START Data excerpts
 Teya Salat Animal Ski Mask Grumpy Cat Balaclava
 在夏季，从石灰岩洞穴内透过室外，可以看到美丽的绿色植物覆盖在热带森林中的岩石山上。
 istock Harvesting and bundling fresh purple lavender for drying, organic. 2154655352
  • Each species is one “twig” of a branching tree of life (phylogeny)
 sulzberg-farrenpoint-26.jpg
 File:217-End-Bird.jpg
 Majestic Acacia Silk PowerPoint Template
END Data excerpts
START Data excerpts
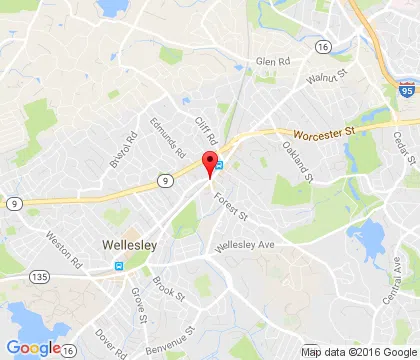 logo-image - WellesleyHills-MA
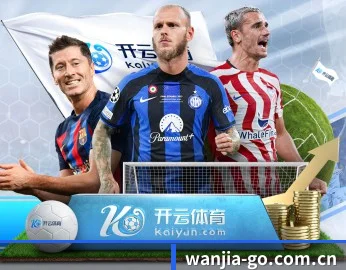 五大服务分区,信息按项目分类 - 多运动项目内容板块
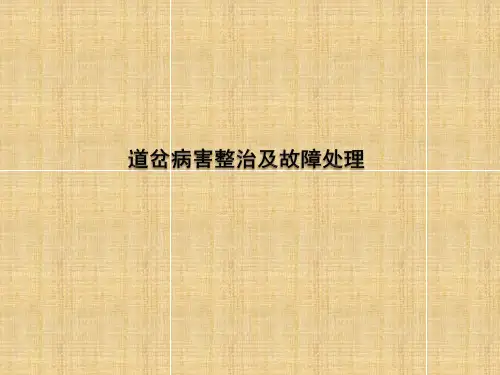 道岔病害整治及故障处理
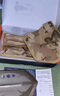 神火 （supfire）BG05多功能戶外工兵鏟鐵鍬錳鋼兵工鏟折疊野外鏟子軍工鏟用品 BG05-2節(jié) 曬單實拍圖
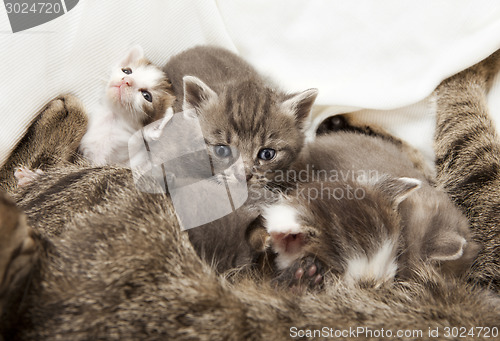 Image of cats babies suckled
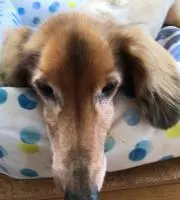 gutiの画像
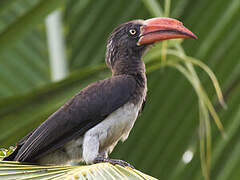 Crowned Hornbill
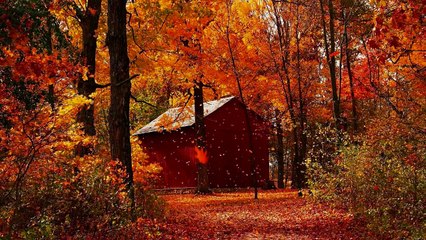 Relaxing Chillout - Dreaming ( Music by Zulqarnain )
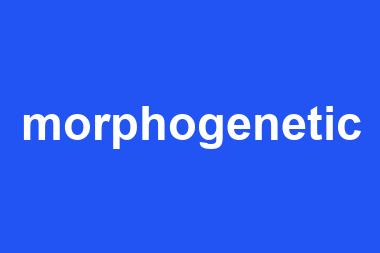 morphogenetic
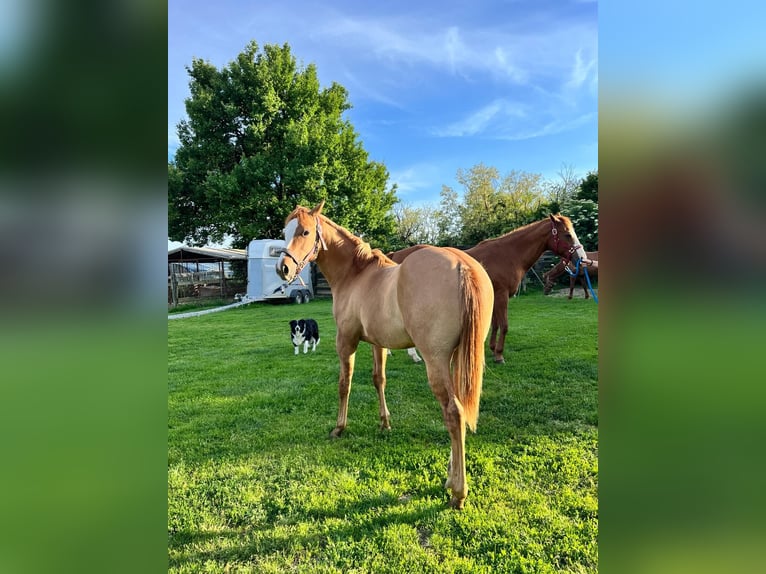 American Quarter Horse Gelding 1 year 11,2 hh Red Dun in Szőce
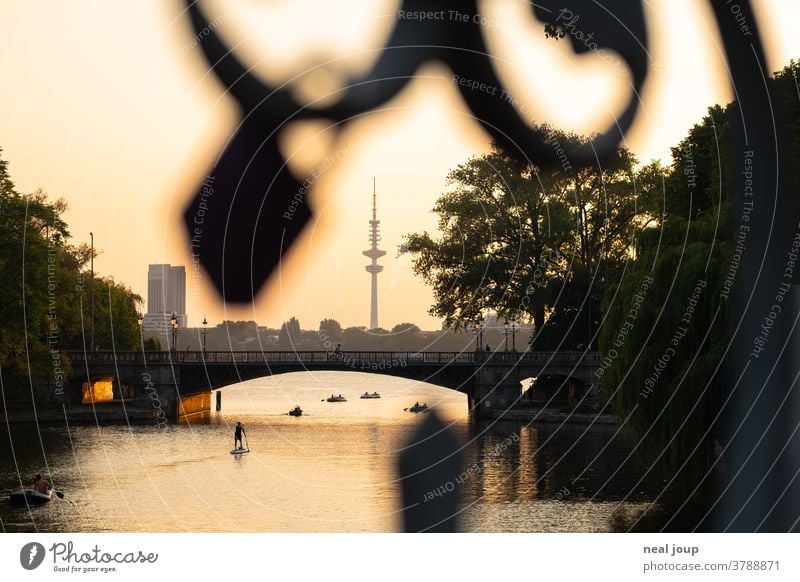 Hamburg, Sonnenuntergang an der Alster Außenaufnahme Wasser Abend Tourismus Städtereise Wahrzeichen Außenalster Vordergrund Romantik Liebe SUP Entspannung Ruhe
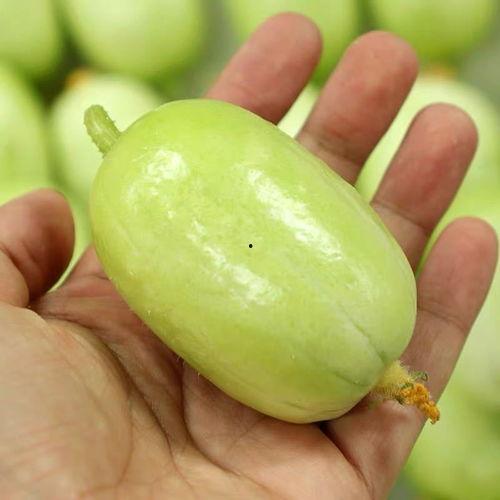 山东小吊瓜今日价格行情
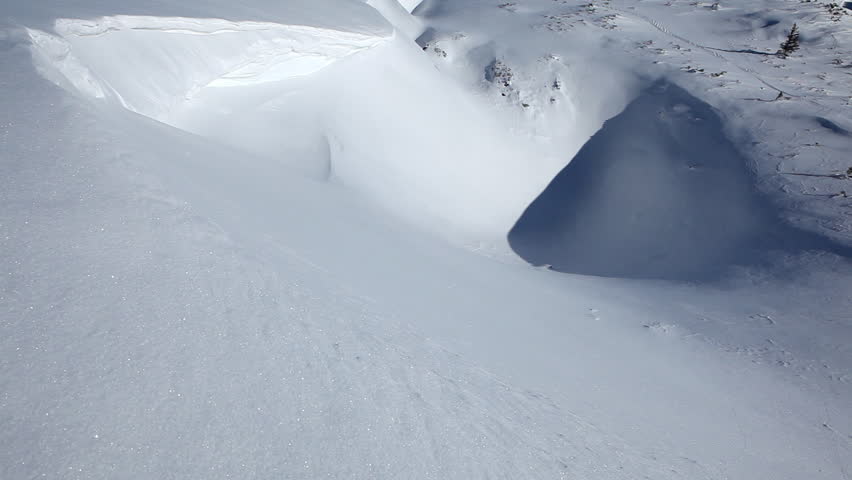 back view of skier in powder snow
END Data excerpts
• **Required action**: Within the listing above, locate the line containing "of life (phylogeny)" and the line containing "Majestic Acacia Silk PowerPoint Template". Reproduce those two lines and all lines between them exactly, with nothing added.

• **Task response**:
  • Each species is one “twig” of a branching tree of life (phylogeny)
 sulzberg-farrenpoint-26.jpg
 File:217-End-Bird.jpg
 Majestic Acacia Silk PowerPoint Template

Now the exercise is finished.